History
In 2005, Dr. Anne-Marie Zadjlik founded the Masai Centre for Local, Regional and Global Health, in response to the growing numbers of HIV/AIDS patients in the Guelph area.
Masai is the name of a beautiful baby boy born in 2003 at the Guelph General Hospital. He is the son of Ethiopian parents. His mother lived in Canada for several years with her parents who arranged a marriage for her with an Ethiopian man who immigrated to marry her and promptly gave her HIV. He was unaware of his status and so was she until she became pregnant. Her routine prenatal HIV test came back positive. Because of the medications and health care available to her, Masai was born HIV negative and his parents remain well on treatment.
Had he been born in Ethiopia he would have had a 40 percent chance of being born with HIV and would have joined the ranks of AIDS orphans and vulnerable children. Bringing this child into the world without the death sentence of HIV was a turning point for Anne-Marie. That beautiful, healthy newborn symbolized the contrast between rich nations and the third world, hope and despair, well being and daily misery, life and deat
h.
As a result, in 2005, Anne-Marie launched the Masai for Africa Campaign with a goal of raising $1 million in Guelph for the Ontario Hospital Association's Tšepong Clinic in Lesotho. Lesotho is a small country in southern Africa with an HIV prevalence rate of 28.9 percent and very little of the infrastructure, medicines, doctors, nurses and health care workers that we enjoy here in Canada.
Claire Alexander and a group of enthusiastic students from the University of Guelph came up with the brilliant idea of hiring a cooperative of South African women to make 5,000 red and white beaded bracelets to sell on campus at $5 a piece to reach a goal of $100,000. The bracelets caught the attention of Alastair Summerlee, president of University of Guelph, along with the media and the citizens of Guelph. It was then that Bracelet of Hope was born. One African woman can make 50 bracelets in a day, earning 100 Rand in a part of South Africa where an average day’s wage is only 20 Rand.
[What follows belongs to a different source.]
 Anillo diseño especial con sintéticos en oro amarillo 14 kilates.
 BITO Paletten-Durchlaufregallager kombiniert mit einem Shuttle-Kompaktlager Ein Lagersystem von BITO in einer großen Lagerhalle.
Anne-Marie averages a speaking engagement every week, taking her passion and message to communities across Canada. The response was overwhelming—journalists, students, parents, churches, businesses and unions—got involved up to their elbows. Birthday parties, golf tournaments, garage sales, bake sales, walkathons, weddings, funerals, anniversaries took place with donations going to Bracelet of Hope.
The Bracelet of Hope Campaign reached the $1 million mark in October 2008—$500,000 of which helped sustain the Tšepong Clinic.
Now the Bracelet of Hope Campaign is going national across Canada—a bracelet on the wrist of every Canadian—with the ultimate goal of freeing the people of Lesotho from the death grip of HIV/AIDS.